There

Is there any place I can go to avoid your Spirit?
    to be out of your sight?
If I climb to the sky, you’re
there!
    If I go underground, you’re
there!
If I flew on morning’s wings
    to the far western horizon,
You’d find me in a minute—
    you’re already there waiting!”  

~ A Psalm of David


Almost a decade and a half ago, our eldest got invited to go on a mission trip to China.  He was mid-teens at the time.  He was almost six and a half feet tall and really stood out in a crowd.  It was a very different country then.  He received a lot of training about how to represent what he believed without endangering himself or others.  It felt important and moderately dangerous there in all the best ways possible.

He missed two weeks of school and part of his varsity baseball season.  While he was gone, I had a conversation with another baseball dad.  He asked a simple question, “Do you think it is safe to allow your son to go to a dangerous place like that?”  My answer came immediately and felt like it was referenced beyond me.

“There is no safer place for him than in the will and love of God.”

Strangely, I had never really thought much about the danger he was in being there.  He felt called to it and I honestly felt that he was far safer there than in a car rolling around here on a Friday night.

That season came to mind as we returned to South Africa.  People asked if it was safe or if we ever felt like we were in serious danger there.  You don’t have to venture very far online to see the incredible difficulty the country is enduring and the associated risks there, but my answer was a version of the same.

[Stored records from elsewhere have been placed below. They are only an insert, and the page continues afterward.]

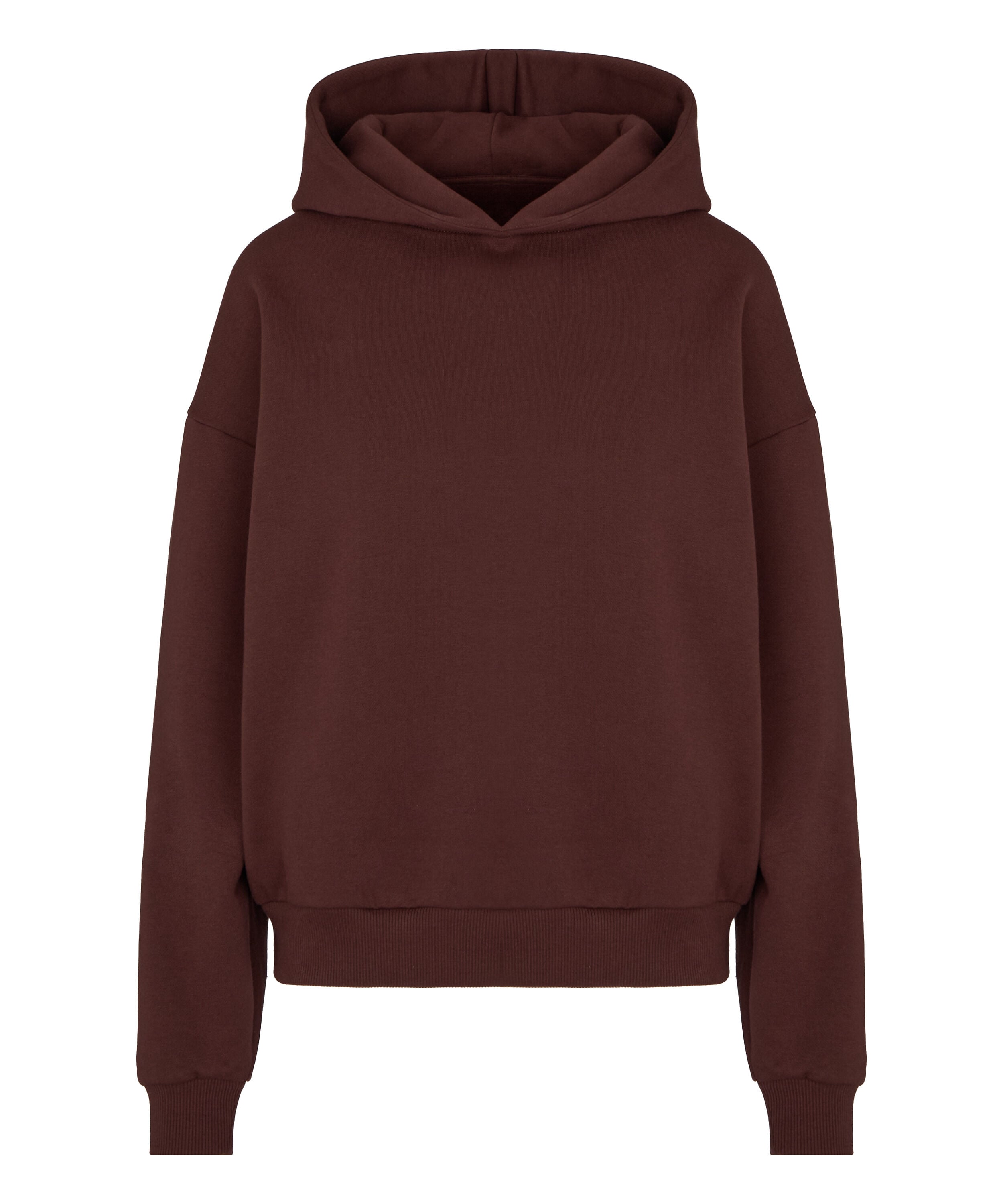 Hoodie Brushed Sweat, Brown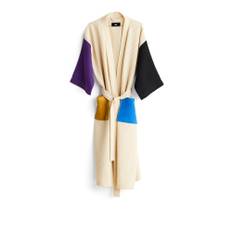 HAY - Waffle Bathrobe / Cream multi - Badekåber - Flerfarvet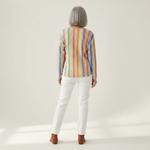 Anna colorful vertical stripe waffle knit sweater, view 5
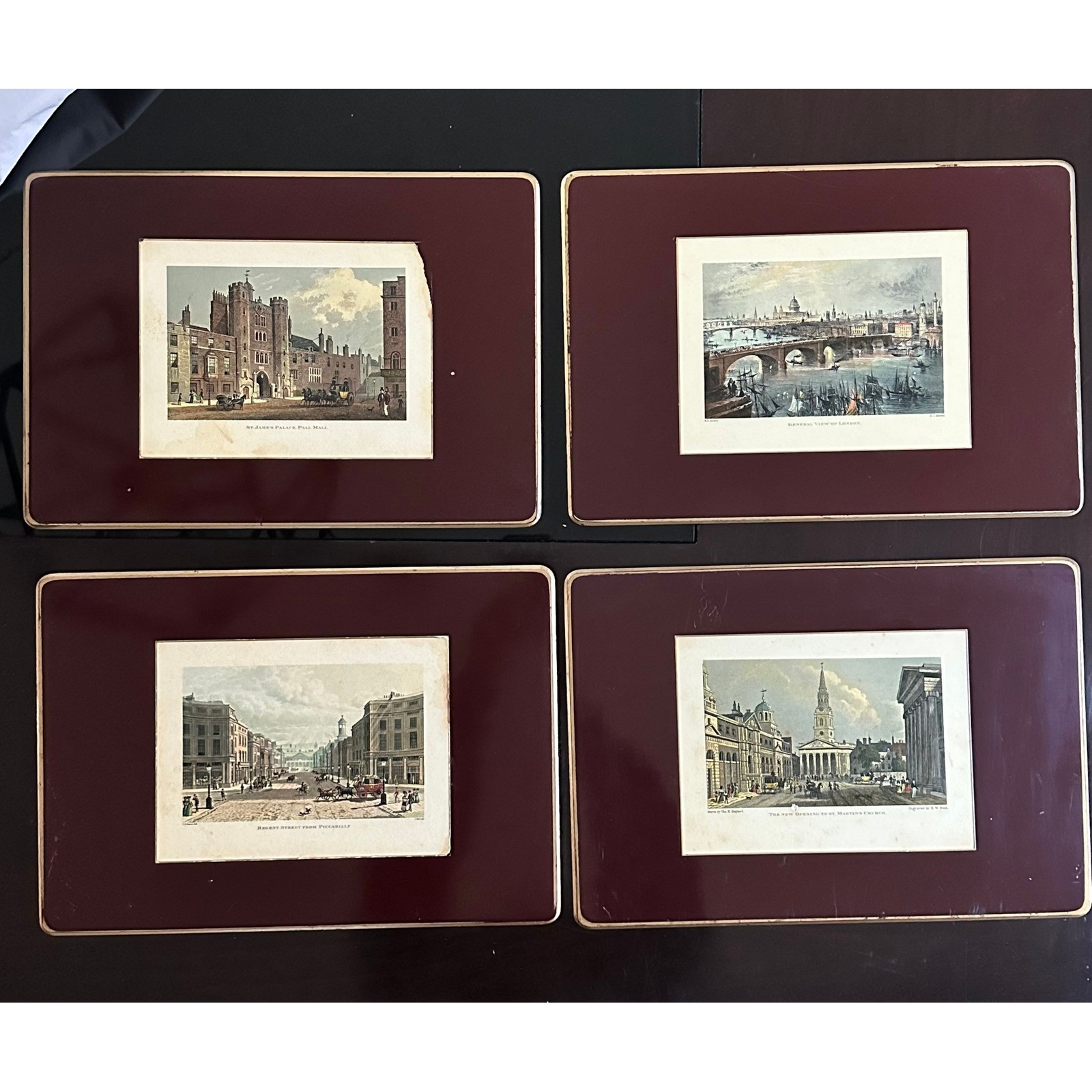 Set of 4 London Scene Placemats W.H. Bartlett Burgundy Gold Trim Cork Back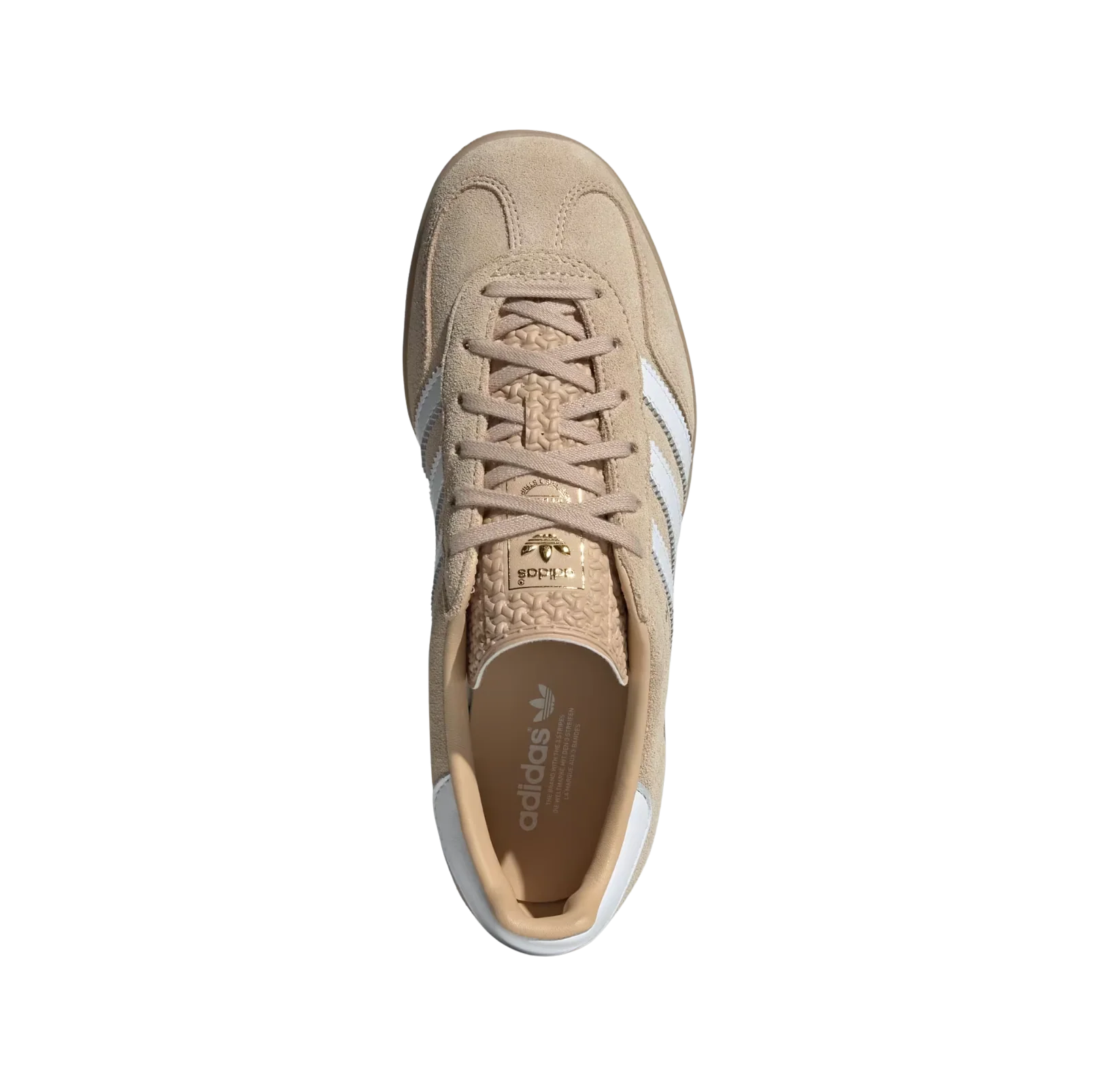 Adidas Gazelle Indoor Magic Beige – vue dessus des baskets rétro en suède beige avec semelle gomme et bandes blanches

“There is no safer place than in the will and love of God.”

And I am seeing that same sense of fear everywhere. The world is changing with momentum and we are feeling increasingly unsafe.  Ironically, the answer for many seems to be that a safer place can be found there.

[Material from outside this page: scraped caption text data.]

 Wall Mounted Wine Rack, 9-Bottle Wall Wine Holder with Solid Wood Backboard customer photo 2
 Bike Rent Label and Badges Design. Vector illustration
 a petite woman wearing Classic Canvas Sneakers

It feels like one country may be safer than another.  

That one state, apparently, is safer than the others.  

Those rural areas are safer than the more populated ones.

Small towns are better than big.

But in a world where all information is universally available, all fear, dissonance, rage, injustice, etc. is being shared and felt by everyone at the same time, there is no safer “there”.  So the weight of the world is heavier, we are experiencing more of it, and the systems (relational, societal, spiritual) are not as available to help us deal with the load.  Should anything that happens surprise us?

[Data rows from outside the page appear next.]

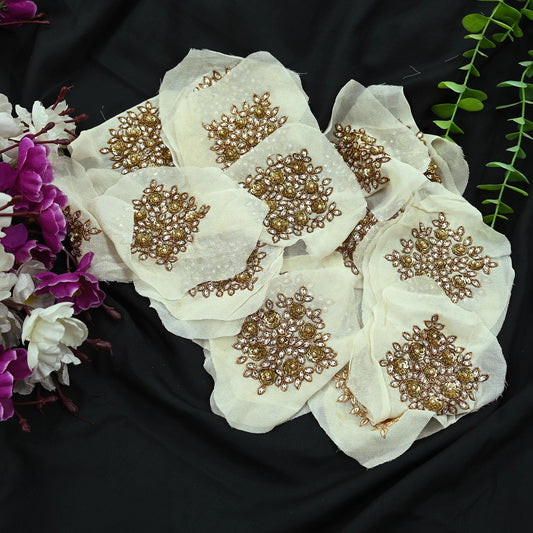 Indian Vintage Ivory Pure Georgette Silk Appliques  Set of 3 | Hand-Embroidered Floral Patches with Zardozi, Dabka, for Craft, Journals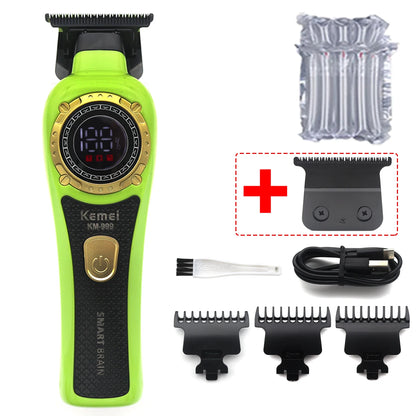 Kemei KM-999 Professional Hair Trimmer – DLC T-Blade, Zero Gap, LED Display, Cordless USB Clipper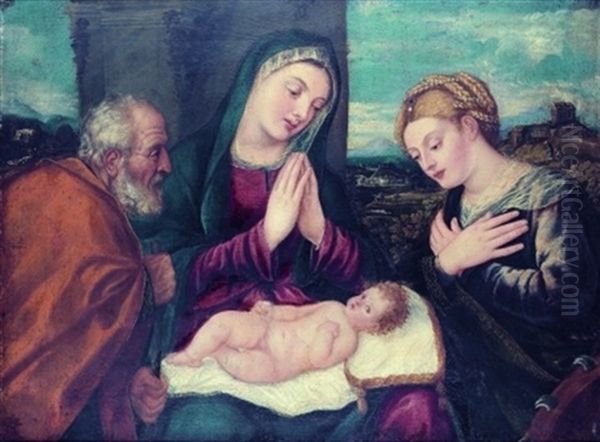 La Sainte Famille Et Sainte Catherine Oil Painting by Polidoro da Lanciano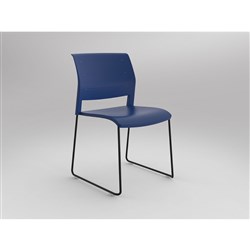 OLG Game Chair Black Sled Base Indigo Poly Seat And Back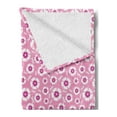 thumbnail image 2 of Dragonfly Soft Flannel Fleece Throw Blanket, Bugs with Wings Silhouettes with Petals on Pastel Background, Cozy Plush for Indoor and Outdoor Use, 50" x 70", Pale Pink Purple, by Ambesonne, 2 of 5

I am resting in the assurance I told that baseball dad and those folks asking about South Africa.  I am increasingly convinced that I cannot escape the danger there, but I can always find comfort and safety in the will and love of God right here.

Consider

  • Do you feel safe?

  • Are you fighting that urge to run away, check out, or move?

  • Where do your hope and sense of safety come from?

  • Are you placing it on governments, policies, parties, or places?